Alfa Romeo sold less than 70.000 cars globally in 2019. The lack of any significant model launch since 2015, among other factors, have stalled the brand's revival promised by then-CEO Sergio Marchionne. But it's not always been this way...
10) Giulietta (1977-1985) - 379.692 units
At the bottom of the chart, we find a big favorite of mine, the 1977 Giulietta. Its sharp, minimalist design gave the Giulietta a very distinct personality from the Alfetta it was based on. Very successful in its day, the Giulietta is still kind of underrated now. One of the reasons why I chose it as a subject for my very first book, back in 2018.

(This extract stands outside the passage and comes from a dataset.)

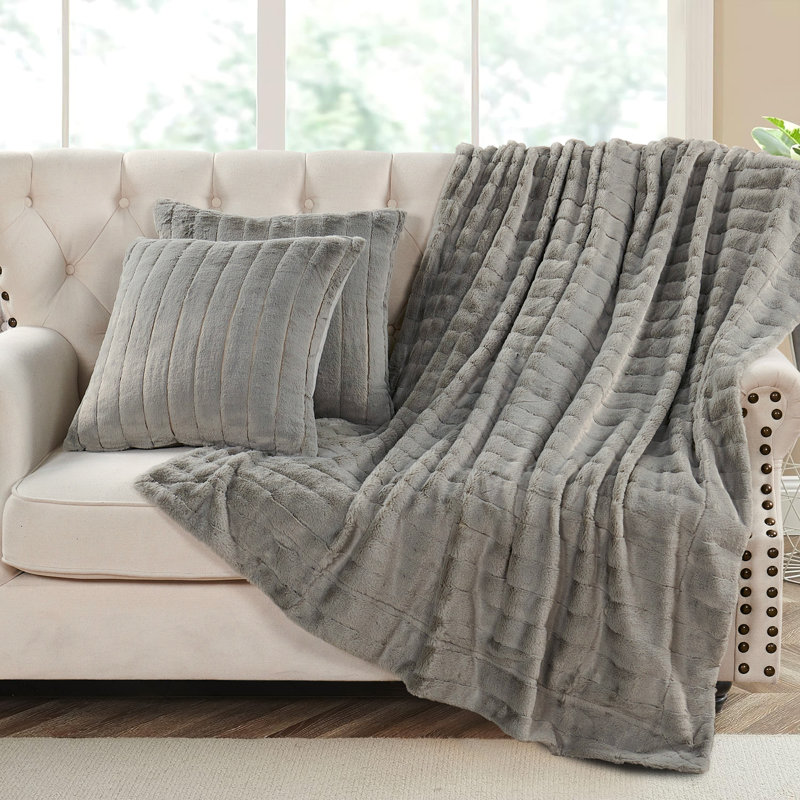 Jeté en fausse fourrure Luxury, Argent, 50 po x 60 po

9) Alfa 75 (1985-1992) - 386.767 units
The last rear-drive Alfa Romeo saloon until the current Giulia came along, the 75 is a perennial favorite among the Alfisti.
Developed on a shoestring budget from older components by a company on the verge of bankruptcy, not many would have given the 75 a chance.
Yet many did, especially in Italy. The 75's blend of sweet handling, lusty engines, and aggressive design made it a strong seller during its seven-year lifespan.
8) Giulietta (2010-2020) - 417.922 units
The sun is about to set on the Giulietta, after ten long years on the market. This makes the production figure I'm quoting here provisional, as cars are still being made this year. However, the final tally isn't likely to grow much, given only 15.690 Giuliettas were made in 2019, with 2020's output likely to be lower still.
7) 145/6 (1994-2000) - 454.332 units
Given that both models replaced the 33 and only the rear end differed between the 145 and 146, I thought these two models could be considered as one for this video's purpose.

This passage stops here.